Ela deveria estar com medo: o rio era fundo e a correnteza parecia forte. Se ela fosse pega, sem dúvida seria punida, talvez até baleada. No entanto, ela conta que sentiu algo muito mais forte do que seu medo. Ela estava deixando a Coreia do Norte para encontrar a mãe, que a havia deixado quando criança.
Enquanto Songmi nadava pela água gelada ao entardecer, ela sentia como se estivesse voando.
Era 31 de maio de 2019. “Como posso esquecer o melhor e pior dia da minha vida?”, diz.
Escapar da Coreia do Norte é uma ação perigosa e difícil. Nos últimos anos, o líder do país, Kim Jong Un tem reprimido cada vez mais aqueles que tentam fugir.
No início da pandemia, ele fechou as fronteiras do país, tornando Songmi, então com 17 anos, uma das últimas pessoas conhecidas a deixar o país.
Foi a segunda vez que Songmi cruzou o rio Yalu, que separa a Coreia do Norte da China e oferece aos fugitivos a rota mais fácil.
A primeira vez que ela saiu, foi amarrada às costas de sua mãe quando criança.
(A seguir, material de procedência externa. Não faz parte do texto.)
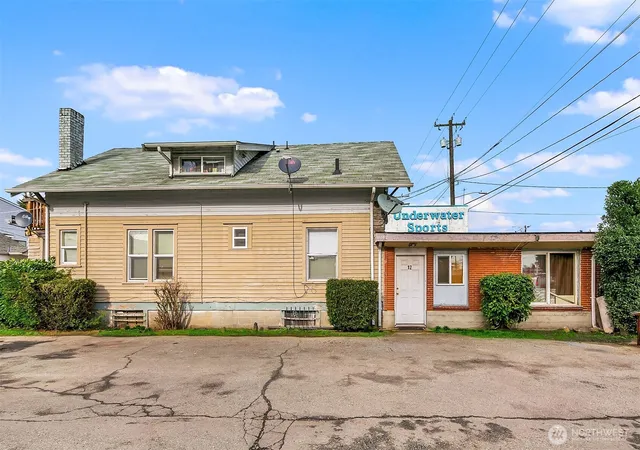Photo 4 of Land for sale at 10531 Aurora Ave N, Seattle, WA 98133 | MLS# NWM2566364 | Listing updated on 2026-09-23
Essas memórias ainda doem como se tivessem ocorrido ontem.
Ela se lembra de ter se escondido na fazenda de porcos de um parente na China quando a polícia estatal foi procurá-los.
Songmi não esquece de sua mãe e seu pai implorando para não serem mandados de volta. “Envie-me no lugar deles”, o parente gritou. A polícia o espancou até seu rosto sangrar.
De volta à Coreia do Norte, ela se lembra do pai com as mãos algemadas nas costas.
E ela tem a imagem de estar na plataforma da estação de trem, enquanto via seus pais serem transportados para um dos infames campos de prisioneiros da Coreia do Norte. Ela tinha quatro anos.
Songmi foi enviada para morar com os avós paternos em uma fazenda em Musan, uma cidade norte-coreana a meia hora da fronteira chinesa.
Ir para a escola não era uma opção, disseram. A educação é gratuita na Coreia do Norte comunista, mas muitas vezes esperam que as famílias paguem os professores, e os avós de Songmi não podiam pagar por isso.
Songmi com seus pais e outros membros da família quando criança — Foto: ARQUIVO PESSOAL/via BBC
Em vez disso, ela passou a infância vagando pelo campo, procurando trevos para alimentar os coelhos da fazenda.
Ela frequentemente ficava doente. “Não comia muito e, por isso, minha imunidade estava baixa”, diz. “Mas, quando eu acordava, minha avó sempre tinha me deixado um sanduíche no parapeito da janela.”
Certa noite, cinco anos depois que o trem saiu da estação para o campo de prisioneiros, seu pai deslizou delicadamente para a cama e a abraçou. Ela estava muito emocionada. A vida poderia recomeçar. No entanto, três dias depois, seu pai morreu. O tempo em que ele ficou na prisão prejudicou a sua saúde.
Quando a mãe de Songmi, Myung-hui, voltou para casa na semana seguinte e encontrou o marido morto, ela ficou com o coração partido e tomou uma decisão impensável.
Na manhã em que sua mãe foi embora, Songmi diz que sentiu que algo estava diferente. Sua mãe se vestia de maneira estranha, com as roupas da avó.
“Eu não sabia o que ela estava planejando, mas sabia que, se ela fosse embora, não a veria por muito tempo”, diz ela. Quando sua mãe saiu de casa, Songmi foi para baixo do cobertor e chorou.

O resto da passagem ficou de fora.